There’s a calm at Kettle Wind Farm on a hot summer day, but storm clouds are forming some 50 miles north in the nation’s capital.
Stephanie Cornnell’s parents established the 800-acre Nokesville, Virginia, farm in 1968. These days, she runs it with her father, Paul House, and her brother, growing turf, row crops, and grain. It’s one of about 2.2 million family farms left in the United States, but proposed changes to the tax code could dramatically affect the clan’s livelihood — and nest egg.
“It’s like a legacy,” Cornnell said. “It’s hard to put it into words.”
“This land and stuff, we didn’t build it just for the todays, this is for the future,” she added.
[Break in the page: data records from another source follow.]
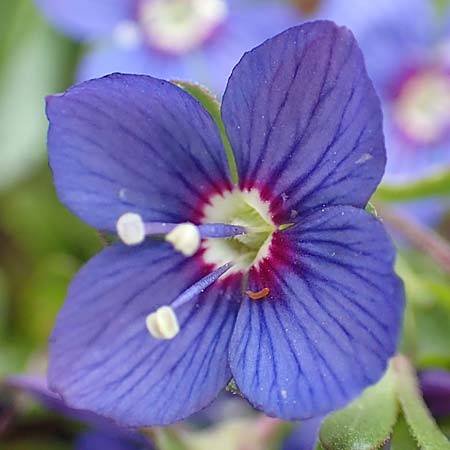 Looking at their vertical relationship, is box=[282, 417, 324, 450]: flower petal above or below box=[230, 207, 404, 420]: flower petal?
below

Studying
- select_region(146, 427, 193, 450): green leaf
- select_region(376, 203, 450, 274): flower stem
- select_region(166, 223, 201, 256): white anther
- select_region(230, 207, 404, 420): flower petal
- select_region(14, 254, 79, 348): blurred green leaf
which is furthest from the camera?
select_region(14, 254, 79, 348): blurred green leaf

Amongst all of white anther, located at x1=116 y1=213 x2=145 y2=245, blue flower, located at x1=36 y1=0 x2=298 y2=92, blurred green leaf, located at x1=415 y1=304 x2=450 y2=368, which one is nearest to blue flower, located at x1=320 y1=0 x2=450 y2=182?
blue flower, located at x1=36 y1=0 x2=298 y2=92

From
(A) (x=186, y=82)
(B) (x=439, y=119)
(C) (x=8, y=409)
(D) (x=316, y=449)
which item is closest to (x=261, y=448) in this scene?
(D) (x=316, y=449)

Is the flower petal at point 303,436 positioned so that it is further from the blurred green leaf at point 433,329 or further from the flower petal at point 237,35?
the flower petal at point 237,35

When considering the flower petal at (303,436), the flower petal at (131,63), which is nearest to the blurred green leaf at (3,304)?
the flower petal at (131,63)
President Joe Biden is proposing raising the capital gains tax and changing the way inherited assets are valued in order to pay for the $1.8 trillion American Families Plan.
While capital gains represent the appreciation of an asset from the time it is acquired to the time it is transferred, the value of certain property left to an heir can be “stepped-up” from the original cost to the present value for tax purposes. That typically reduces the capital gains liability.
The Biden proposal would exempt couples from capital gains taxes on the first $2 million they inherit, and the administration assures family farmers that no capital gains taxes would be due as long as the farm stays in the family.
Like many family farmers, the House family’s savings are almost entirely tied up in its farm. If the family passes the farm down, the next generation may be hard-pressed to earn a living from it. If it’s sold, the family could be looking at an enormous tax bill.
“Agriculture, we’re asset-rich and cash-poor,” said Veronica Nigh, the American Farm Bureau Federation’s acting chief economist.
But Ben Ritz, of the Progressive Policy Institute, says avoiding taxes on huge capital gains just so a new generation can inherit valuable property or sale proceeds is unjust.
“I think people who are inheriting these assets are already starting with an advantage, not based on their own work but previous generations’, and I think it’s worth trying to make sure everyone is competing on an even playing field,” Ritz said.
He said the so-called step-up in basis should be eliminated and those who inherit farms should pay taxes on the increased value of what is left to them.
“Every dollar we are not raising from repealing stepped-up basis or setting a more fair structure for capital gains is a dollar we have to raise by taxing a teacher’s income or an entrepreneur’s investment,” Ritz said.
Cornnell hopes to continue the family tradition but is watching closely to see how changes to the tax code affect the future of her family’s farm.
“The farm is my life,” she said. “It’s more than a job, it’s a lifestyle,” Cornnell said.